Perdonen la digresión. No he podido sustraerme de subirla al blog después de leer el artículo publicado hace unos días en el diario El Mundo, sobre el funcionamiento de nuestra universidad, por el jurista, catedrático y profesor de la Universidad de León, Francisco Sosa Wagner. Leánlo con atención, comparen el ideal universitario expuesto por Steiner y la situación que denuncia el profesor Sosa Wagner. Y luego, saquen sus propias conclusiones. En cualquier caso, no le echen la culpa del desastre sólo al gobierno, como hacen muchos, lavándose las manos cuales Poncios Pilatos. La culpa es de todos, colectiva, y moral: De las Cortes Generales, de los Parlamentos de las Comunidades Autónomas, del gobierno del Estado y de los gobiernos regionales. Y de las autoridades académicas y de los responsables universitarios: rectores, consejos sociales, claustros, decanos, directores de departamentos y profesores de toda clase y condición, que han convertido las universidades españolas en esa "aurea mediocritas", pero mediocridad al fin y al cabo, que acreditan todos los índices académicos europeos y mundiales. Y también de los alumnos, para la mayoría de los cuales "el ansia por el saber" que debería caracterizar su paso por la universidad es algo que les resbala, y a los que solo preocupa la obtención de un título, que no les sirve en la práctica para casi nada, pero en el que se dejan los mejores años de sus vidas y sus ahorros o los ahorros de sus padres. Pero lo peor de todo lo anterior no es eso; lo peor es que ninguno de los citados va a asumir responsabilidad alguna sobre ese desastre, lo que significa que nada o casi nada va a cambiar. ¿Qué hay excepciones?, por supuesto. Haberlas haylas: entre instituciones, profesores y alumnos, pero son las excepciones, espléndidas, que confirman la regla.
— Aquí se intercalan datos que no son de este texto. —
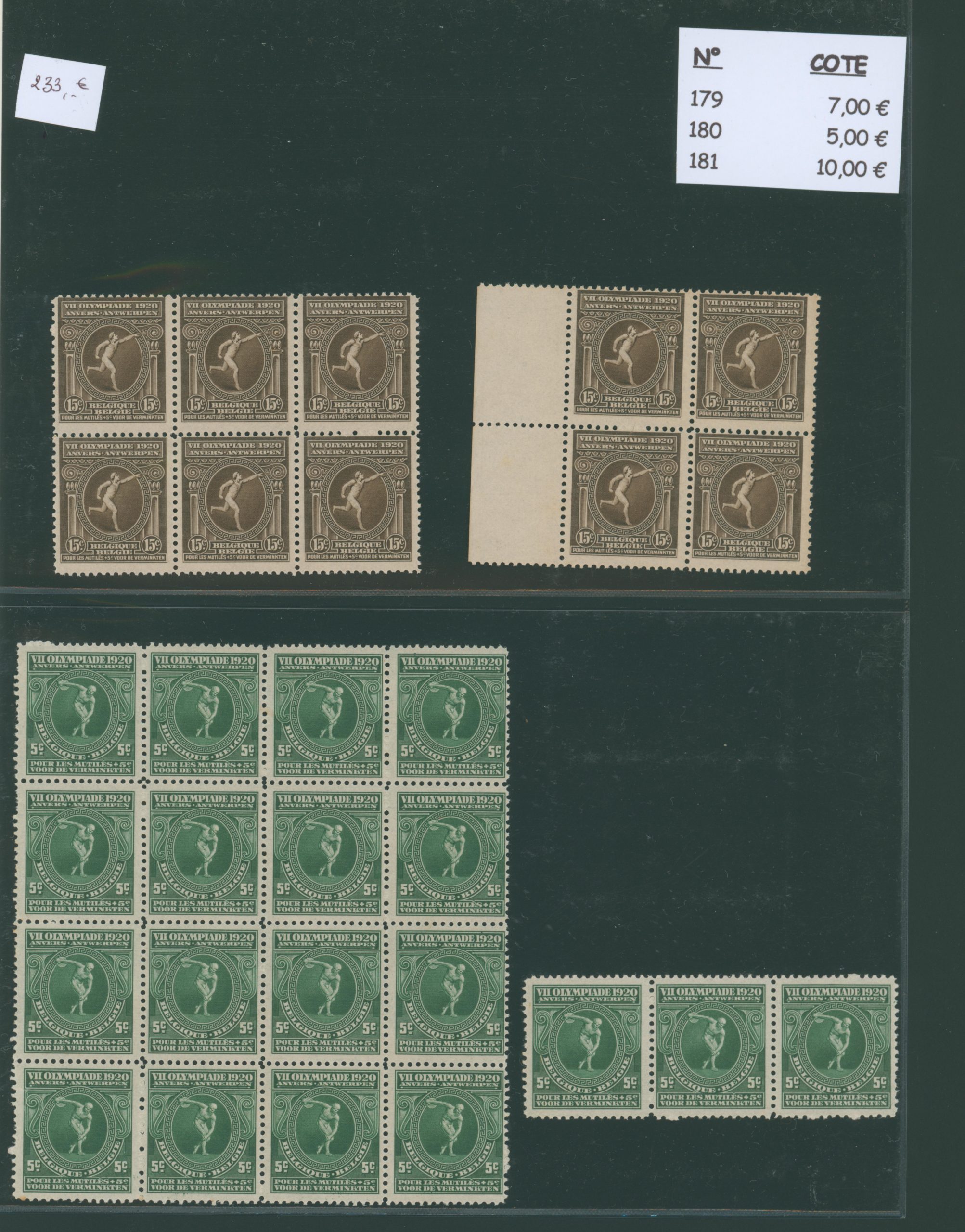 Belgique Lot 179/81 – Image 5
Al final, las tropelías que, al parecer, han podido protagonizar algunos políticos, comienza diciendo el profesor Sosa Wagner, han incorporado al orden del día el funcionamiento de la Universidad después de años y años en los que se han sucedido las reformas legislativas sin apenas despertar más interés que el mostrado por círculos minoritarios a los que nadie ha hecho el menor caso. Así, por ejemplo ¿cómo es posible que se desmantelara el sistema de acceso al profesorado universitario mediante pruebas públicas sin que apenas se oyera una voz crítica o de desacuerdo? Porque el lector ha de saber que, en estos momentos, los tribunales que juzgan a quienes van a ser catedráticos o profesores titulares de por vida los están nombrando en la práctica -y a salvo las excepciones, que puede haberlas- ¡el propio candidato! Y digo "el" en singular porque normalmente no hay más que uno. 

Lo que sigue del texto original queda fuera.